As a teacher, I did data differently. Thankfully, I was able to keep the data hounds off my back because the ways I use data had an impact on my daily teaching. If you're looking for new ways to use data in a mindful and intentional way to help you improve your classroom instruction and help improve academic performance, here are some brief suggestions that can help you:


  1. Exit Ticket Data – At the end of each class, give your students exit ticket questions. I gave students three exit ticket questions. I gave three questions because I had three objectives for the day's lesson. For example, if I saw that 75% of my students answer ed question one correctly but only 48% of my students answered question two correct, I knew that I had to review the contents of that second question with my class; more than half of the class got it wrong. This is a great way to gauge whether or not you were students got the lesson that you gave on any given day. This is real-time feedback on your instruction. Use this to help inform how you go about instructing students daily. Keep a daily log and be sure to show to your administrator.
  2. Socratic method / Blooms Taxonomy Data – Using the Socratic method in a class, a tactic I learned from my brief stint in law school, is a great way to get students engaged and focused; it is also a great way to review for any test and to assess for student understanding. Using the rubric from Bloom's Taxonomy, you can ask any student one of six questions to see the levels of understanding they have on any given topic or concept as it relates to one lesson or one theme in your course. This gives you a more individualized picture of how your students are doing with respect to your class.
  3. Pre and Post Data (Test) – This is a tried and true method for showing growth. You give a pre-test to see where students are; you give a post-test (or test) after teaching them the material to see what they've learned and/or retained. In between the pre-test and post-test period are your lessons, but you also give exit ticket questions and Socratic questions in order to track how your students are doing as a group and individually. Employing the pre-test and post-test gives you a clearer picture of whether or not a student has grown, gotten worse or experienced no change.
  4. Quiz Data – Using quiz data is a mix of the exit ticket tactic and the Socratic tactic in that you can gather data on your students as a group and as individuals. Exit ticket questions pinpoint students getting the objectives of a lesson, however quiz questions pinpoint more detailed information as to what your students learned. You can show your students this data to present their standing as a group.  You can also use quiz data to compare with your exit ticket data to get data make predictions on future performance based on your teaching methods.
  5. Rubric Data – Using a rubric on a class assignment, project or test is always good because it gives students an understanding as to what is expected of them to achieve a particular grade. It also gives you an opportunity to assess what students can do and what they don't do well. A rubric allows you to set the standard of student performance. There's a minimum standard that your students can meet of satisfactory performance and then there is also a standard that exceeds satisfactory performance. A rubric gives you an opportunity to find if students are performing below, above or at their average.
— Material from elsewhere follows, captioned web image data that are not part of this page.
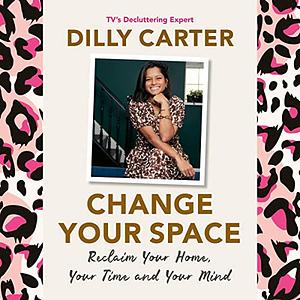 Change Your Space: Reclaim Your Home, Your Time and Your Mind by Dilly Carter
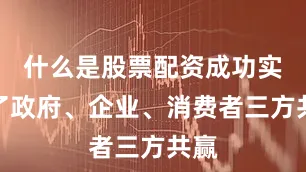 什么是股票配资成功实现了政府、企业、消费者三方共赢
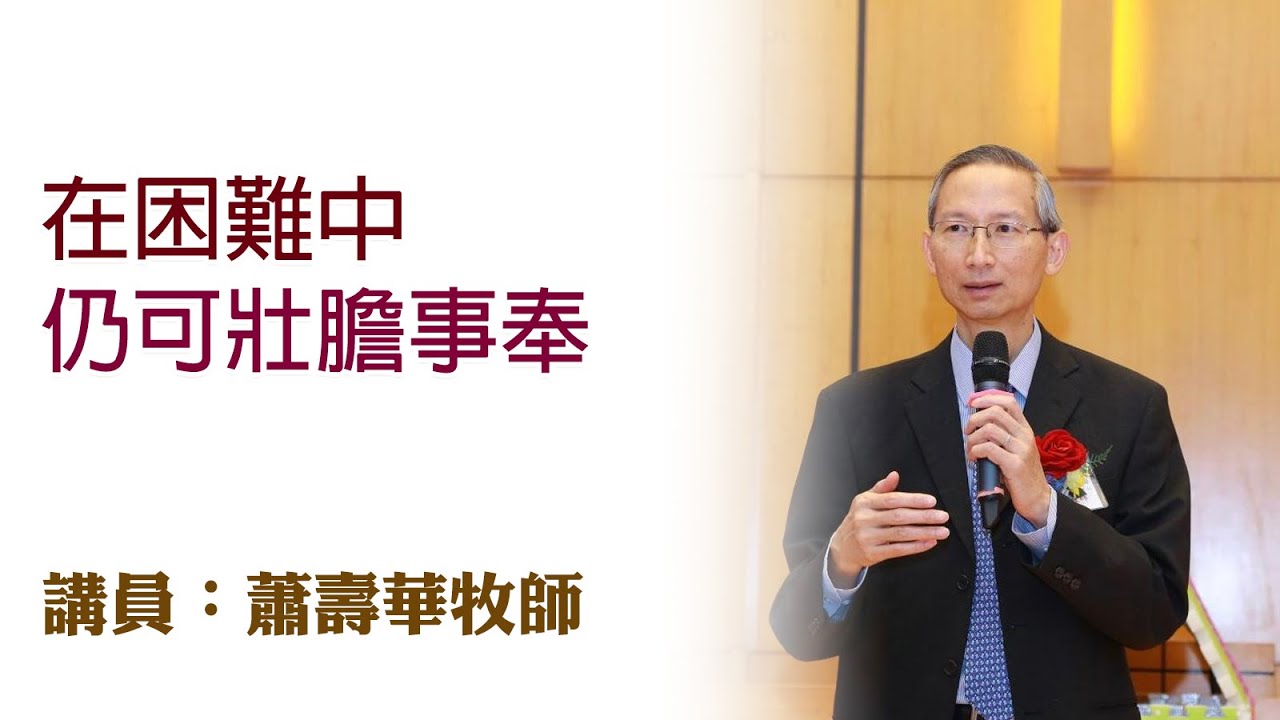 在困難中仍可壯膽事奉（講員：蕭壽華牧師）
There are many different ways to gather data on your students. Just because one way of gathering data sounds good, it doesn't mean that it'll work for you. You have to find the right data gathering method that puts you in the best position to put your students in an even better position to perform well academically. You can throw in different variables that can help explain your student data. For example, you can account for what time of day you see your students or if your students see you after lunch. Data gathering isn't all bad. It can actually be fun and fruitful if you do it in a very meaningful and intentional way. Don't allow your school leaders to dictate to you how to do data. Rather, partner with them to find the best way to do data so that your students get the best from you.

Let's continue to press towards the mark!